Water Wise Program Coordinator, UA Cochise County Cooperative Extension
The ever enthusiastic and very popular Jan Groth will be sharing her vast knowledge with workshop participants as a Cochise County Master Gardener and Arizona Certified Landscape Professional.
Jan has presented Water Wise workshops in the past - but they have only been 2 hours long. Because she has so much to share, this workshop is split into two sessions. From 9-11:30am, Jan will talk about proper planting and plant care, and from 12-2 pm she will show off many desert adapted plants.
In between sessions, participants are encouraged to sit on the wood deck at the Preserve and eat their lunch under the shade of the sycamore trees. Participants are asked to bring their own lunch.
Even though participants do not have to attend both sessions, they will want to!

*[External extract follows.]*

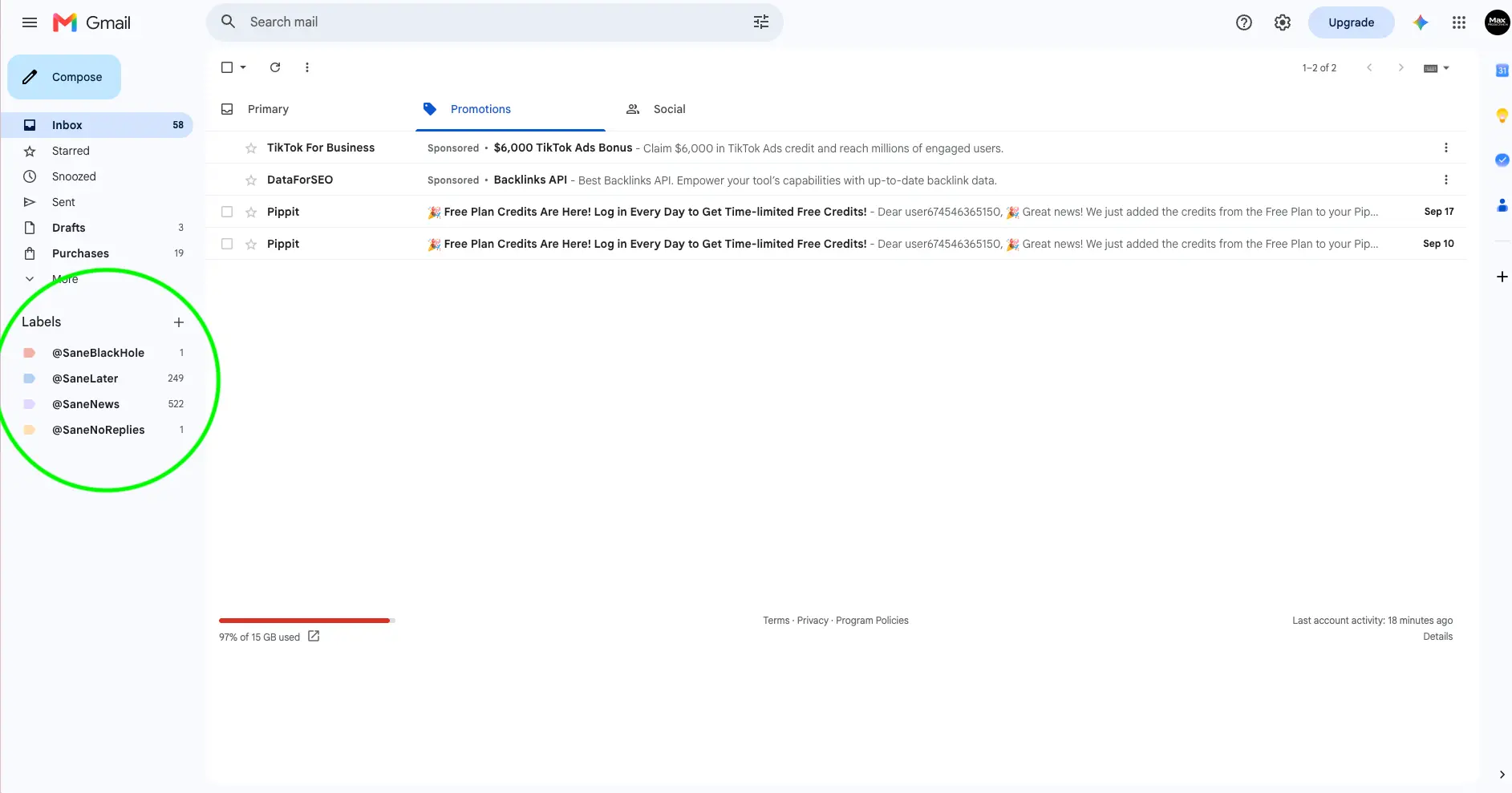 SaneBox folders SaneLater, SaneNews, SaneBlackHole and SaneNoReplies shown as labels in the Gmail sidebar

The morning session will cover the basics of high desert gardening. Jan will start by giving a brief orientation to the southwest and conditions specific to this climate. For example, west facing walls are hot locations, the winds come from the southwest, vegetable gardens should be located to avoid the hot afternoon sun, and the slope of your yard should be observed for rainwater flows.

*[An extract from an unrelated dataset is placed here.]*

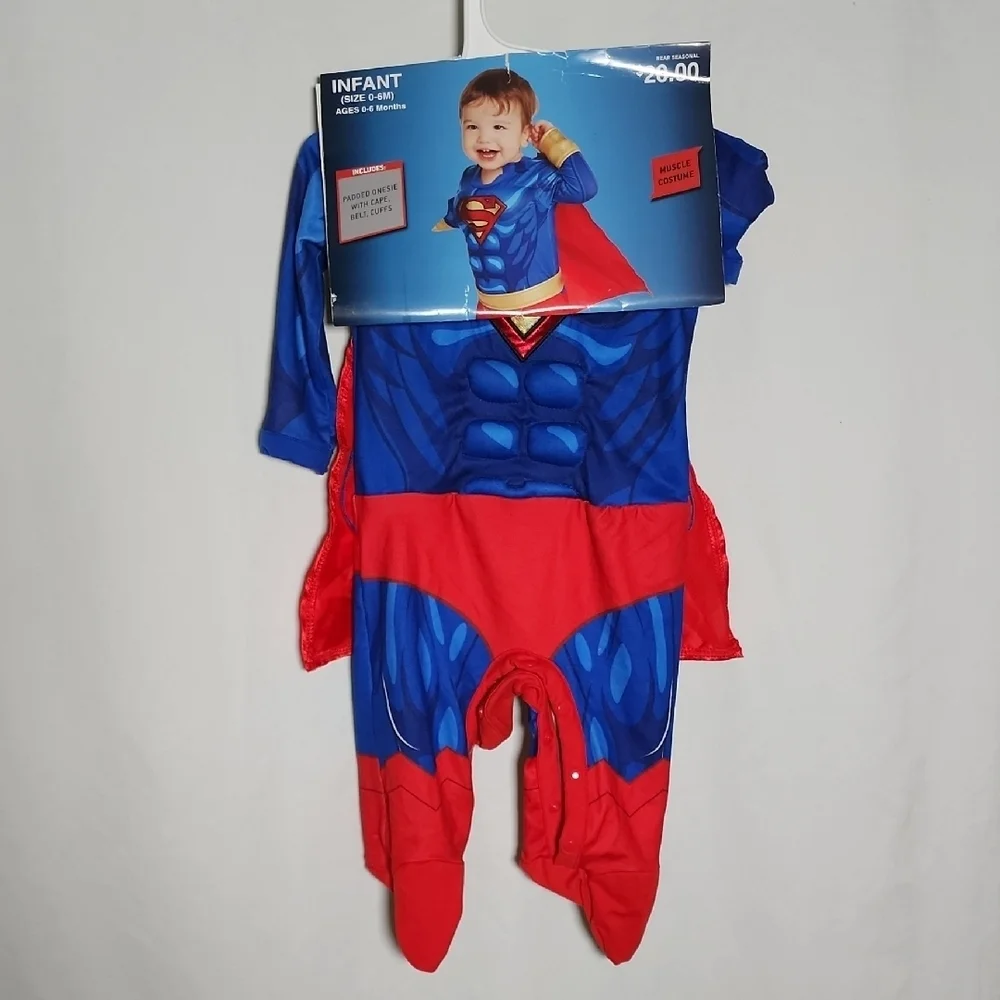 Infant Hero Costume with Cape - Blue, Red, and Gold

How much water you use depends on plant choices and planting locations. Desert adapted plants are easy to care for because they like to grow in our climate and don't use a lot of water. They can be located anywhere in the landscape and are especially valuable for low care areas.
Grouping like water use plants in "zones" makes watering more efficient. Irrigation systems should be designed to water high, moderate or low water use plants separately. This is easy to do if like water need plants are planted in the same areas.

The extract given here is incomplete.